A scene from Mary Oslund’s 2004 White Bird production “Volant”

Through the ’90s Oslund choreographed a series of tough-minded dances that applied the hard knocks of contact improv to describing the world in general (and relationships in particular) as a sort of battlefield, only sometimes blessed by the “Occasional Angel” (as she named one dance). Pain as a theme became central: the physical cost of long, demanding dances, and the existential price of loneliness and emptiness. The sense of struggle (which coincided with her own back problems during this time), she seemed to suggest, could drive us into a protective shell and turn us into robots or “Reflex Dolls” (as she named another work).

In the 2000s, Oslund’s development accelerated. Her pieces focused on movement phrases, minute gestures that have no particular content by themselves until the dancer gives them a pulse. In Oslund’s hands, they became alive and dense with meaning, not cognitive, but deeply emotional, seemingly emanating from beyond the muscle of movement to the bones. To “get” an Oslund dance takes some effort at first, but then it becomes mesmerizing.
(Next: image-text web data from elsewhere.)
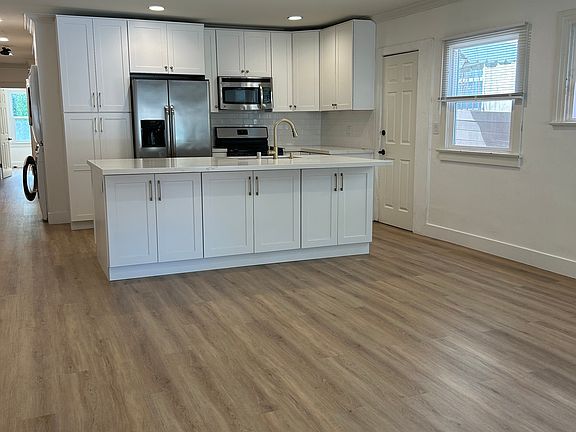 Brand new oak floors and recessed lighting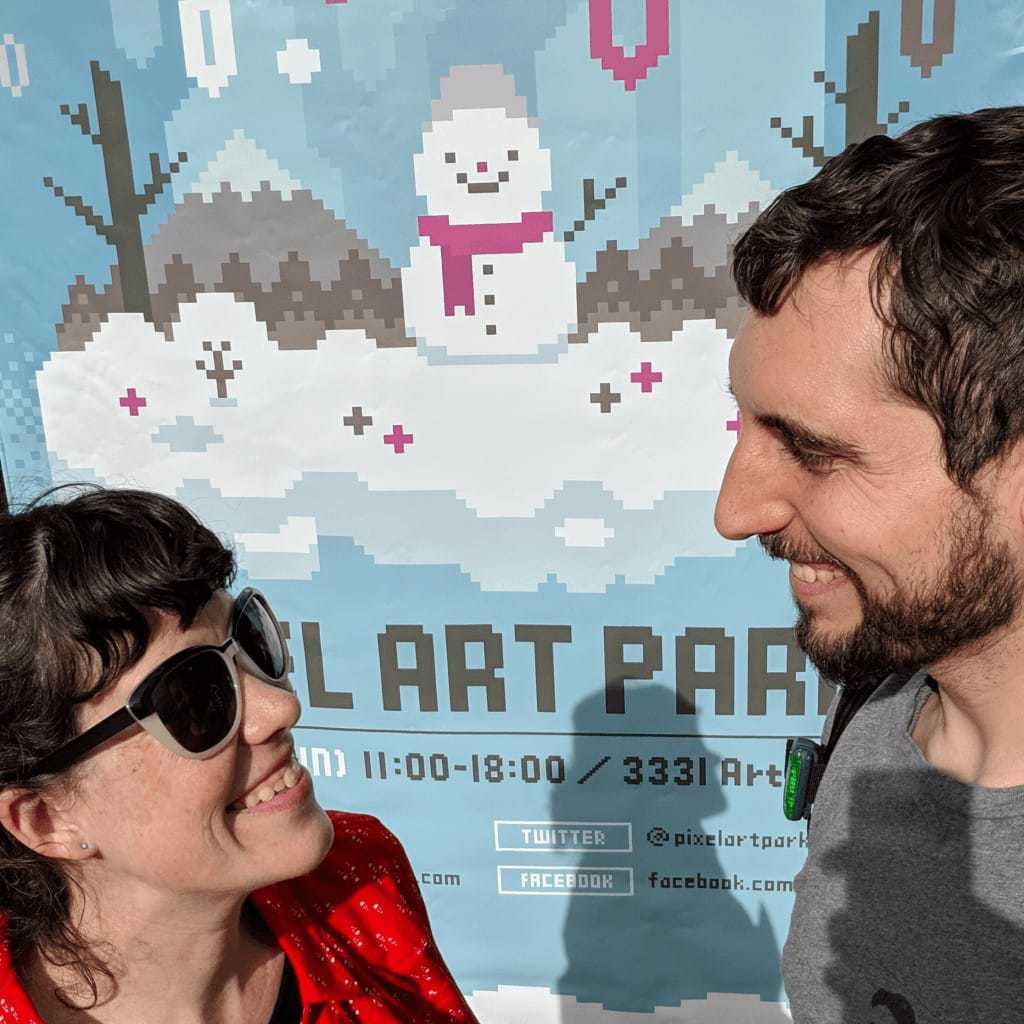 Tim and Alexandra in front of the Pixel Art Park banner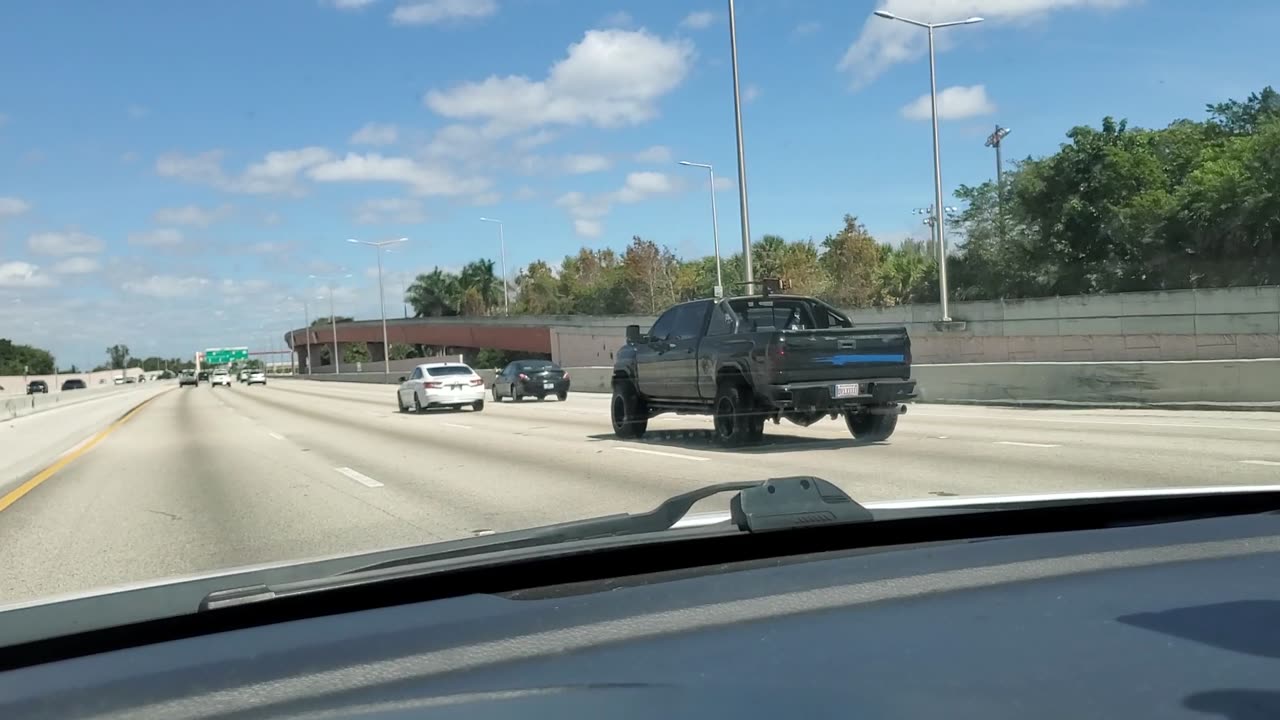 A machine gun on top of a pickup truck. hahahaha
"Dance has always been a safe and remote place for me, and I seek it especially now. It is ingrained in my life."—Mary Oslund

Back in the studio, Oslund sends the dancers to their places for a run-through of several sections of the dance. The resulting performance will take its place among the often younger, more experimental groups White Bird brings to Uncaged. The series is also the presenter’s platform for local choreographers, and “Childhood Star” is Oslund’s second White Bird commission. To clarify her intentions with the troupe on this day, she has cut the tempo in half, which actually fits quite well with long sections of composer Darrin Verhagen’s electronic score. Verhagen’s work borders on the ambient at times, though he also has a soft spot for hard-edged percussion, and the slowdown turns the dance pensive, somber, inex-orable, though also elegiac. A closing quartet proceeds at a measured pace, the dancers recapitulating earlier phrases and then finding new ways to trade energy, to inflect their bodies with strange accents—a peculiar bow of the head, a turn that curls inward instead of stretching out. This is the part Oslund maintains “doesn’t feel like Mary,” although to me it still does.

“It’s me trying to break old, familiar dance habits and to challenge me and the viewer,” Oslund says. But that’s how I understand all of Oslund’s dances.

Maybe, at 62, she’s more demanding; clearer about what she needs to do.

With two more months of rehearsals ahead, “Childhood Star” will evolve from its state on this afternoon, if only because the nine dancers, most of them Oslund veterans, will gradually unlock the choreography’s secrets for themselves. Maybe it will return to its original quicksilver pace, maybe Oslund will invent new sections and trim old ones. And maybe a small gesture or a random collision will lead her and “Childhood Star” in a completely new direction.